The statement inside the parentheses works like this: =~ makes a comparison between $x and whatever’s inbetween the two slashes; in this case, if there’s a z anywhere inside $x, then the statement is true.
Let’s up the ante, and match only if $x begins with the letter z:
if ($x =~ /^z/) {
print “$x begins with a z!\n”;
}
^z is a regular expression; the carat (^) stands for the beginning of the string. Thus, the matching statement has to find a z immediately following the beginning of the string in order to be true.
How about words that begin with z and end with e? Use the regexp
/^z.*e$/
The $ stands for the end of the string; the period stands for “any character whatsoever”; combined with the asterisk, it means “zero or more characters.” Without the asterisk,
/^z.e$/
would mean “z followed by one character followed by e.”
There’s a lot of different regular expressions. For instance,
/^z.+e$/
means “z followed by at least one character, followed by e.”
/^z\w*e$/
means “z followed by zero or more word characters followed by e”–that is, “z!e” wouldn’t match.
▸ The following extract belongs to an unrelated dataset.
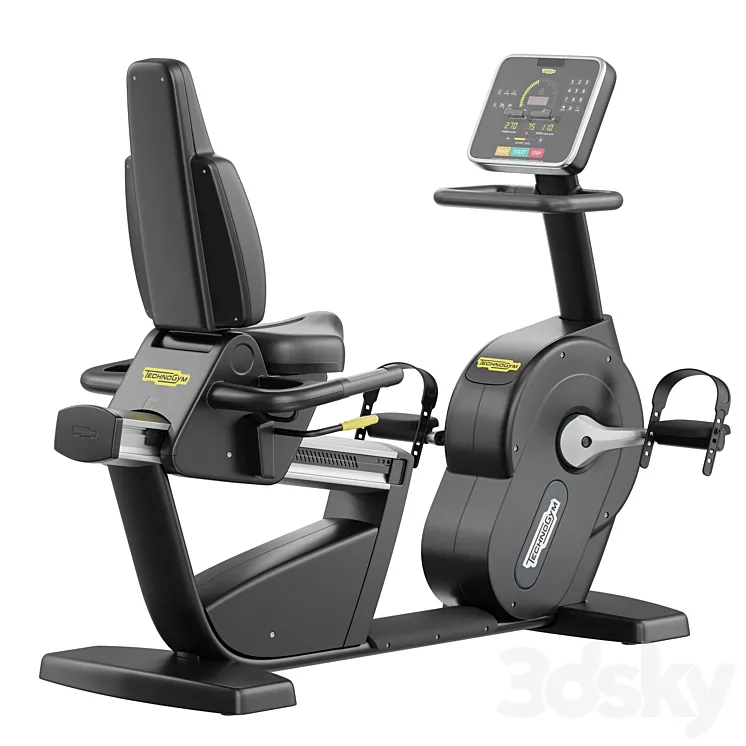 Technogym Recline Forma 3D Model Free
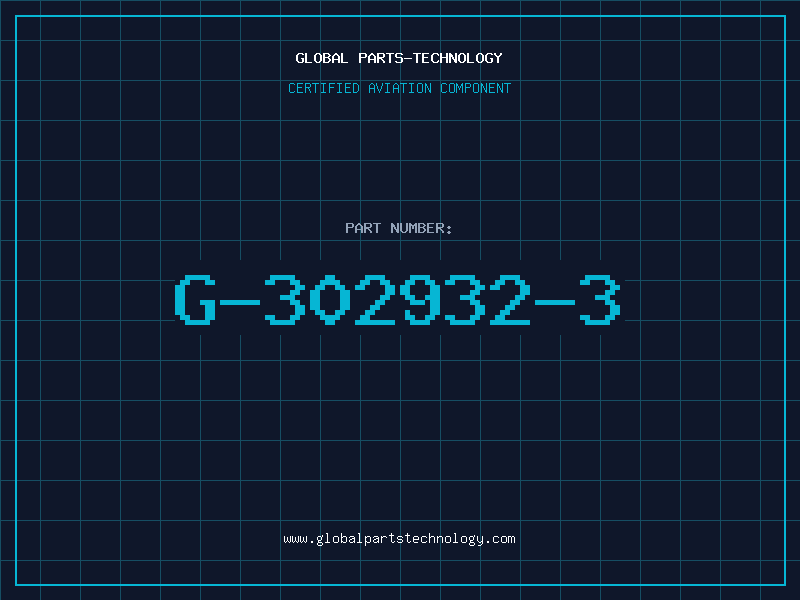 Aviation Part G-302932-3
So to make sure that somebody’s typing in numbers in our adding program, and not words, make the subroutine getnumber look like this:
sub getnumber {
$number = “blah”;
while($number =~ /\D/){
print “Enter a number “;
$number = <>;
chop($number);
}
$number;
}
“\D” is the regular expression for non-digits; if any character in $number is not 0-9, the expression won’t match, and you’ll get asked to enter a number again.
Note how we had to set $number to include a non-digit ($number = “blah”) to get inside the loop the first time around.